I hate to admit it, but the older I get the more I see my father when I look in the mirror. I’m 65, he passed away at 64. I can remember the way he yawned. I yawn like that. I remember the way he carried a handkerchief and would blow his nose with one hand because he was always busy with the other. I find myself doing that also. I hear my dad laugh when I laugh. He had a weird sense of humor. Some say I have one too! My friend and my dad’s cousin, Mary Ellen, told me the last time I saw her that I remind her of my dad. She lived next door to Dad as they grew up on 47th and Seward and new him all her life. She said that she’d know just by looking at me that I was Chuck’s kid. The family resemblance was undeniable. Even though he wasn’t perfect I still liked being told I am like my father in some ways.

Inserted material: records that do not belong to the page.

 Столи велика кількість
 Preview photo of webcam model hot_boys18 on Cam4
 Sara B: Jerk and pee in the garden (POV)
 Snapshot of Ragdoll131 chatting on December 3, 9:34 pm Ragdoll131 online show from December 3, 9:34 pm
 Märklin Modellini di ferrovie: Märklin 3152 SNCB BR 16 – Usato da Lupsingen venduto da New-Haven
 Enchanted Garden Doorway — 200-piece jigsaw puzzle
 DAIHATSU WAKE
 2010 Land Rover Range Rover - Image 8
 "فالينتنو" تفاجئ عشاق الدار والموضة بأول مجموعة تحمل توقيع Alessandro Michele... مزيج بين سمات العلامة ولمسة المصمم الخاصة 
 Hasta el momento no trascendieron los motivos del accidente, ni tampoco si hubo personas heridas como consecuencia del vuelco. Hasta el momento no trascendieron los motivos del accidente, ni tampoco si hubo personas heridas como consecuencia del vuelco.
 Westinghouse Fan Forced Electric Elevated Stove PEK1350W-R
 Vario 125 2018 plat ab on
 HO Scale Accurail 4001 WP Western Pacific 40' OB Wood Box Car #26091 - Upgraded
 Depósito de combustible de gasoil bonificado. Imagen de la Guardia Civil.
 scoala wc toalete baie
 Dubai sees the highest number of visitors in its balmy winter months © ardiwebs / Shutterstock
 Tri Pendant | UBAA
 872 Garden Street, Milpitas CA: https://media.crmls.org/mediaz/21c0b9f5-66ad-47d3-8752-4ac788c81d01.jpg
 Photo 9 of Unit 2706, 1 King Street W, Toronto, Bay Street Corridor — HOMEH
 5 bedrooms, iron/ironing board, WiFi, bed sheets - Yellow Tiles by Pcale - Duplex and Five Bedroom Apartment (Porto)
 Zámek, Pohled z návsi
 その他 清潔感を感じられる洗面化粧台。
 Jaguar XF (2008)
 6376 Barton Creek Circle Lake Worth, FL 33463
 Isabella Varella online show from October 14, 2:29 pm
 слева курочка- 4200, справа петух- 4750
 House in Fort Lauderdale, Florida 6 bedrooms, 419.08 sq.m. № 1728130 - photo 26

As sons and daughters of our heavenly father it’s not the physical appearance that identifies us as God’s offspring. It’s the way we live. The greatest characteristic that identifies us as children of God is that, like God, our relationships with others are characterized by mercy and grace. In Luke 6:35, Jesus tells us to “love our enemies.” You might remember that “love” in the Bible is often referring to “actions” rather than feelings. It is used that way in this passage. It’s how we treat others who have hurt us, offended us, or otherwise deserve some sort of retaliation. When we are gracious we identify with God’s character. We do what God does. We treat others as God treats us. We are “like God” in a moral, family sense. That’s how we distinguish ourselves as God’s children. In the preceding passage of Luke Jesus said, “If you love those who love you, what benefit is that to you? For even sinners love those who love them. And if you do good to those who do good to you, what benefit is that to you? For even sinners do the same. And if you lend to those from whom you expect to receive, what credit is that to you? Even sinners lend to sinners, to get back the same amount.”

Grace and Mercy in our relationships with others is what marks us as children of God. Even the sinners of the world give back what they get in life, but only God’s children give good when the get something bad! Mercy and grace go together. Mercy is when you do not get the judgment that you deserve, and grace takes it a step further in that instead of getting retaliation, we do something good for another. In the passage following “love your enemies” Jesus says, “… and do good, and lend, expecting nothing in return, and your reward will be great, and you will be sons of the Most High, for he is kind to the ungrateful and the evil. Be merciful, even as your Father is merciful” (Luke 6:35-36).